2.5 Cheers for Bridging the Gap between Activism and the Academy; Or, Stay and Fight

Jesse Lemisch

On April 5-6, 2002, Columbia University graduate students presented a conference on "History of Activism, History as Activism." The conference was very successful, drawing about three hundred registrants. It consisted of some two dozen panels and sessions on a wide range of topics, including the following: "Anarchy and Socialism"; "Archiving Activism"; "The Transnational 1960s"; "Environmental Activism"; "Perils of Publishing and Alternative Media"; a screening of Occupation (a video concerning the Harvard Living Wage protests); "Politics of Sexuality"; "Accessing Healthcare"; "Nationalisms and Resistance"; "Academia and Activism: Can We Bridge the Gap? Historians as Activists"; "Mobilizations—Motivations and Means"; "Campus Organizing"; "Women's Movements, Movement Women"; "Unconventional Activisms"; "Radical Teaching"; "Art As Activism"; "Fatal Women, Feminist Futures, and the Past That Would Have Been." (The full program is available at The speakers were mostly graduate students from a variety of places, but they also included such faculty from Columbia and outside as Eric Foner, David Rosner, Victoria de Grazia, Gary Okihiro (Columbia), Temma Kaplan, Nancy Hewitt (Rutgers), Linda Gordon (NYU), Catherine Clinton (The Citadel), and myself.
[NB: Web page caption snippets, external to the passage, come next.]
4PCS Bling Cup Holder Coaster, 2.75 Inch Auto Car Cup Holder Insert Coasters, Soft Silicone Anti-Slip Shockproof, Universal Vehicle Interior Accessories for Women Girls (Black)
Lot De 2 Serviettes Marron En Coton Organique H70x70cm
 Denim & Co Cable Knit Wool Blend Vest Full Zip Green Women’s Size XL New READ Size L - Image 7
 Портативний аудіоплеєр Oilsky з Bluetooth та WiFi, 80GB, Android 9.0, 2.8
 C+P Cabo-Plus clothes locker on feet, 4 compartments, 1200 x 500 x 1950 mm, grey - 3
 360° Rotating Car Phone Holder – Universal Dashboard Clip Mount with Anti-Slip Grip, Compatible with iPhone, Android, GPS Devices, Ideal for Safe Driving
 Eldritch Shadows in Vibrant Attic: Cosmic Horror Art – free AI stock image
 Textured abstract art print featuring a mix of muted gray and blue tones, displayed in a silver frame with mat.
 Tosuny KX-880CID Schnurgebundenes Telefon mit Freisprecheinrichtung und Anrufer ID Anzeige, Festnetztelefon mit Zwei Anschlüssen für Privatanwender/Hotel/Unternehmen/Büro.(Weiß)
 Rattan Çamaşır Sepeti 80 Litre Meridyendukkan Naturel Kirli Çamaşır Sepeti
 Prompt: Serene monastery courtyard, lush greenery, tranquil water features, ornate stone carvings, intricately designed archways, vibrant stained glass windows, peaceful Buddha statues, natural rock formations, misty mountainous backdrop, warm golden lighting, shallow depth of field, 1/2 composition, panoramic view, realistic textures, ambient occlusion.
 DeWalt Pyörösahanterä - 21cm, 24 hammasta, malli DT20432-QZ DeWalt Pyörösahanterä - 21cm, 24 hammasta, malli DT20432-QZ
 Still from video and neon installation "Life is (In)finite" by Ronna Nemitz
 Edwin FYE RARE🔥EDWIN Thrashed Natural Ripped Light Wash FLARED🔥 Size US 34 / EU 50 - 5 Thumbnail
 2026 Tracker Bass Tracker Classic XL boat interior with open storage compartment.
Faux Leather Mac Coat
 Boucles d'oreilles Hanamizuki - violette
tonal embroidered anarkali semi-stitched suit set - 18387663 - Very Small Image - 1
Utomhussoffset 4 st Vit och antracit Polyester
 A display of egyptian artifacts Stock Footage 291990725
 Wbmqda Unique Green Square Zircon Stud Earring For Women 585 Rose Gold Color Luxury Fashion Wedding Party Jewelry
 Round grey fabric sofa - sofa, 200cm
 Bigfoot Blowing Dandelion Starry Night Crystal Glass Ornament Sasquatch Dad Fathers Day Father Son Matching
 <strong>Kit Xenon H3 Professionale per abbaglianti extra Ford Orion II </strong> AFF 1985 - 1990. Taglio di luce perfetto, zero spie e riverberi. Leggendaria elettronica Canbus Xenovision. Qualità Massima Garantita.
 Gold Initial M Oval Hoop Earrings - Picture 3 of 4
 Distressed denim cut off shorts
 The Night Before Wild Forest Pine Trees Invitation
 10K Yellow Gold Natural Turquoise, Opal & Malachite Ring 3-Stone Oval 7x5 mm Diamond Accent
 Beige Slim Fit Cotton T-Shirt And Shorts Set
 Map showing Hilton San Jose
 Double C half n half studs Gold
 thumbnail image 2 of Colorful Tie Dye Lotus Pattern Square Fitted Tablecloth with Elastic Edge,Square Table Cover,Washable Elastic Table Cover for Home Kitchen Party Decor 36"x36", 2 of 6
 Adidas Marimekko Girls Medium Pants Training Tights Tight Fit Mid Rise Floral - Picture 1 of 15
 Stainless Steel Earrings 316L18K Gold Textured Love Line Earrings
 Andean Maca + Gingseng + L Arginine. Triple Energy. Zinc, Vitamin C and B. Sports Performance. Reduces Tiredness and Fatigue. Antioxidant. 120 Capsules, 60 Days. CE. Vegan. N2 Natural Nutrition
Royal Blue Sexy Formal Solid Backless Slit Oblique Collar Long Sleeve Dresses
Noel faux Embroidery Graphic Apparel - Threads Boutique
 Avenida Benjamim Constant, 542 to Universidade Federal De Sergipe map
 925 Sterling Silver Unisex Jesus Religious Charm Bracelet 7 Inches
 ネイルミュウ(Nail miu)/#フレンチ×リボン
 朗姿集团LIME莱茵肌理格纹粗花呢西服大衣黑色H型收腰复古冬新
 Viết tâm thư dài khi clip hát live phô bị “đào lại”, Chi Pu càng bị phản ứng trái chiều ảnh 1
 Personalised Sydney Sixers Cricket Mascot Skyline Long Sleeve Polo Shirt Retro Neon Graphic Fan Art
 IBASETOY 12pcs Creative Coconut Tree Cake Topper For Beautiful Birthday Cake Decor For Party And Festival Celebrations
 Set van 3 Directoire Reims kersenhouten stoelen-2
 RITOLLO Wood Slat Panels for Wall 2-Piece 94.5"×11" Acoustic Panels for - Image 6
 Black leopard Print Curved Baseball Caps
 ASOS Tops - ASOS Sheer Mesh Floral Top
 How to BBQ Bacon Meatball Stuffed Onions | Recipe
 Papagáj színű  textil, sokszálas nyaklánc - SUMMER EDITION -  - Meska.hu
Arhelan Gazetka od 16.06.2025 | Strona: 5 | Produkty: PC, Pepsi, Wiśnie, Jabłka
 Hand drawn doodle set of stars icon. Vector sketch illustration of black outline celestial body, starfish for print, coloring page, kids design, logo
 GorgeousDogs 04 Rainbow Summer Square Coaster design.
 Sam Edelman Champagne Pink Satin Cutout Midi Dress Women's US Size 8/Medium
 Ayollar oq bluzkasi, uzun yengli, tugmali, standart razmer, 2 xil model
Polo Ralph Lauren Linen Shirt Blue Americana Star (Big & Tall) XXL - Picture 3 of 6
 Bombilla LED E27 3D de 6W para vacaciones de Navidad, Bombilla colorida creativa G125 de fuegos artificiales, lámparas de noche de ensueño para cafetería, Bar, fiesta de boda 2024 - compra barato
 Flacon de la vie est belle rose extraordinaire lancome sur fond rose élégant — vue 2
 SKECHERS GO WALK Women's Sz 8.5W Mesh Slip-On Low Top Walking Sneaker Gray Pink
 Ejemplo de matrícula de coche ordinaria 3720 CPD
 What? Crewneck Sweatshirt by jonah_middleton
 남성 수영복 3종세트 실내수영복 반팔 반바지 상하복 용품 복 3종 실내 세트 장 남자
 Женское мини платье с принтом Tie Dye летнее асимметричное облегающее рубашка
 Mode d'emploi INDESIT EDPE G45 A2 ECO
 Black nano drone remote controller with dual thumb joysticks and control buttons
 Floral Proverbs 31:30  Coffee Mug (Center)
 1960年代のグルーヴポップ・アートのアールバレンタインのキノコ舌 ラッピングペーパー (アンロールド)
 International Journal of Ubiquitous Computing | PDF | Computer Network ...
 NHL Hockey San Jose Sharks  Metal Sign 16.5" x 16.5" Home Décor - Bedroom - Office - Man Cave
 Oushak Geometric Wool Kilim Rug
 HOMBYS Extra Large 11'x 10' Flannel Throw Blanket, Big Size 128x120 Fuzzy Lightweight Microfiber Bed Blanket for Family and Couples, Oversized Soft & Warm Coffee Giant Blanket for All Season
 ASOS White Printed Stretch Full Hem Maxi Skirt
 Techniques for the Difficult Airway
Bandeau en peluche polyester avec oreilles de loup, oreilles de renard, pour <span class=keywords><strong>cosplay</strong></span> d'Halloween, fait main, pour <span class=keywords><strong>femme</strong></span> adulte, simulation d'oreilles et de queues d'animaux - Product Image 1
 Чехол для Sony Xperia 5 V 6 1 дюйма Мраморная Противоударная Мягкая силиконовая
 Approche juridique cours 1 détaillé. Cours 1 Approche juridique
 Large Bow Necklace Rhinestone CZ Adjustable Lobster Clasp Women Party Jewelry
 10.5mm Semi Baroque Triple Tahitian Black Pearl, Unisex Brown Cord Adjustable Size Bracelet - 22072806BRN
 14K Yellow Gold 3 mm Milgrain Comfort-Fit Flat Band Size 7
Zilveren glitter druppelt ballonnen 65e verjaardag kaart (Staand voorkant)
Plans are afoot to publish papers from this year's conference and to plan another one for 2003.

The conference was not sponsored by or officially connected with the Columbia [End Page 239] teaching assistants (TAs) and research assistants (RAs) union, Graduate Student Employees United (GSEU), and the program included some antiunion students. Ironically, union activists were too busy, they were at a crucial stage of organizing, to give the conference much attention, although some participated. However, the conference took place in a context that I think had been largely produced by union activism at Columbia, which is part of a larger movement at many universities across the country, including Yale, Brown, the University of Minnesota, Michigan State, Cornell, NYU, Tufts, and elsewhere. (On March 29, 2002, a radical history conference at the University of Minnesota surprised its organizers—and university administrators—by drawing two hundred people.) Many history graduate students are active in GSEU.

Less than three weeks before the conference, Columbia research and teaching assistants had voted on whether to be represented by GSEU, which seeks higher stipends, better health care, a grievance procedure, and workload guidelines. 1 Although union poll watchers believe that they won, the ballots were impounded. Columbia, using the prestigious union-busting law firm Proskauer Rose (see below), which NYU had used earlier and unsuccessfully, had appealed an earlier National Labor Relations Board (NLRB) decision classifying TAs and RAs at private universities as employees. Columbia stakes its hopes on the possibility that the January 2002 addition of two management-friendly Bush recess appointees to the NLRB will reverse the earlier decision.

This is the context in which the conference took place. On April 29, three weeks after the conference, GSEU staged a one-day strike. Unionized clerical workers joined the picket line, where the cry was, "Count the Votes!" A large inflated rat floated over the 116th Street main entrance to Columbia, as it often does in union pickets elsewhere in New York City. As of this writing, the outcome is unresolved. If, to its shame, Columbia holds out, I hope the rat will take up long-term residence there.


We're all here because we're in favor of bridging the gap between activism and the academy, and we're hearing lots of good ideas here about how to do it. But far less frequently considered among leftists and other dissenters are the .5 reasons not to build that bridge, or at least not to make this our primary goal. I'll get to those. But first, a few words in favor of gap bridging, at a time when this campus, among others, is the site of some of the most important union organizing going on in this country, which I fully support.

Being an activist is a necessary...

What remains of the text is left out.